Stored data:
=== Begin Enclosure ===

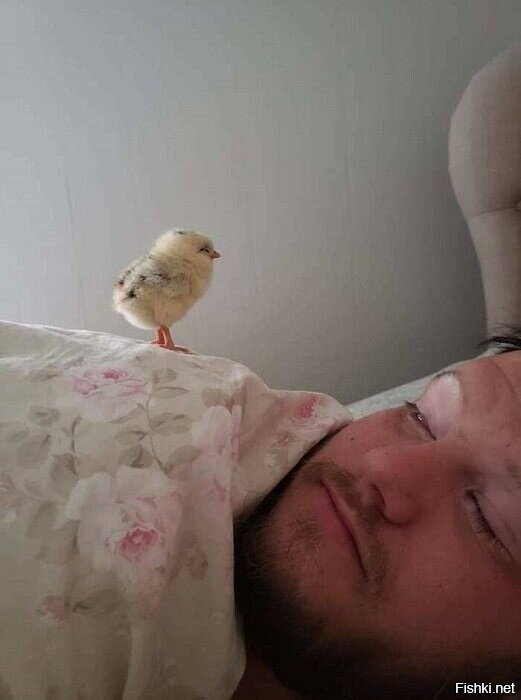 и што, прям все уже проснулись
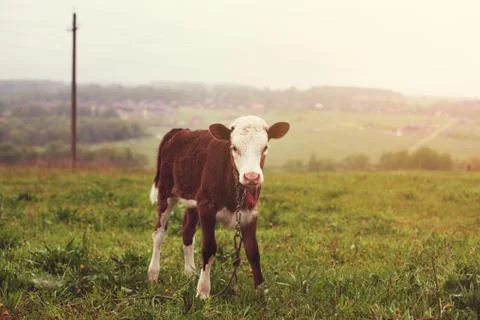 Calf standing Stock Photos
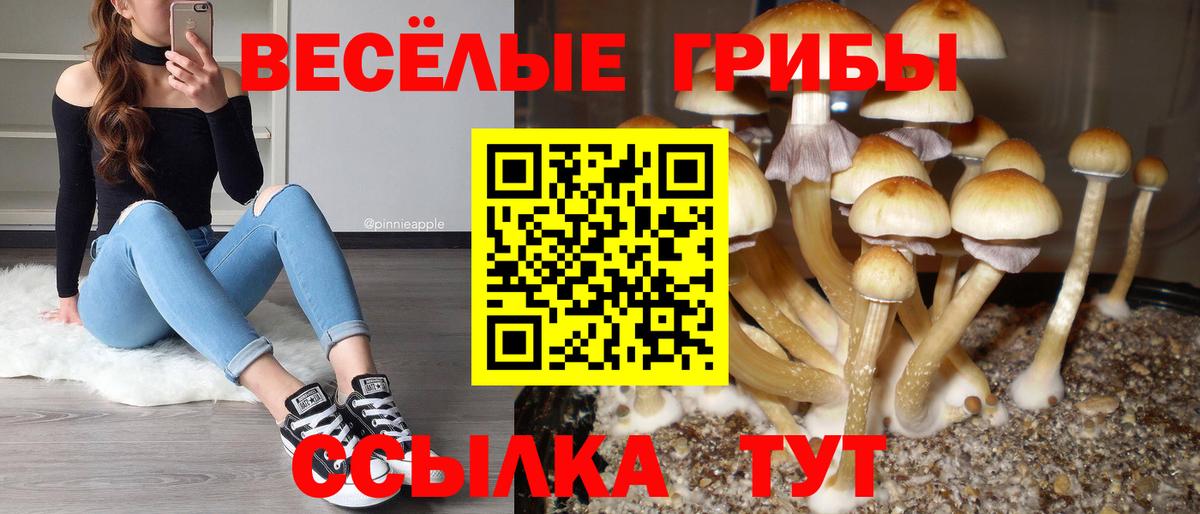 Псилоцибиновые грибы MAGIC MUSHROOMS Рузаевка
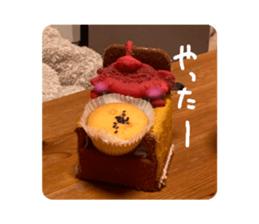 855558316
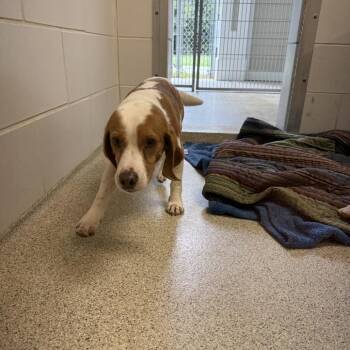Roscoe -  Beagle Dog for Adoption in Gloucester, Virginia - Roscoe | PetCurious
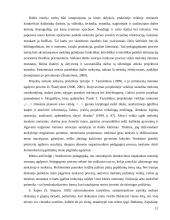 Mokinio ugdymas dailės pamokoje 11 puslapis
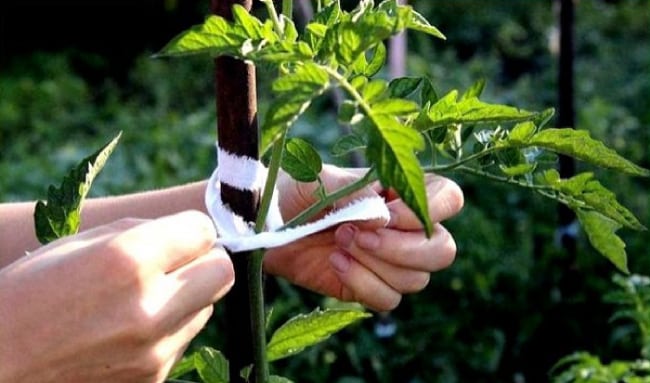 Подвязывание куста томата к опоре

=== End Enclosure ===

WORK TASK: Would it be possible to print the records above verbatim, pictures omitted?

SOLUTION:
 и што, прям все уже проснулись
 Calf standing Stock Photos
 Псилоцибиновые грибы MAGIC MUSHROOMS Рузаевка
 855558316
Roscoe -  Beagle Dog for Adoption in Gloucester, Virginia - Roscoe | PetCurious
 Mokinio ugdymas dailės pamokoje 11 puslapis
 Подвязывание куста томата к опоре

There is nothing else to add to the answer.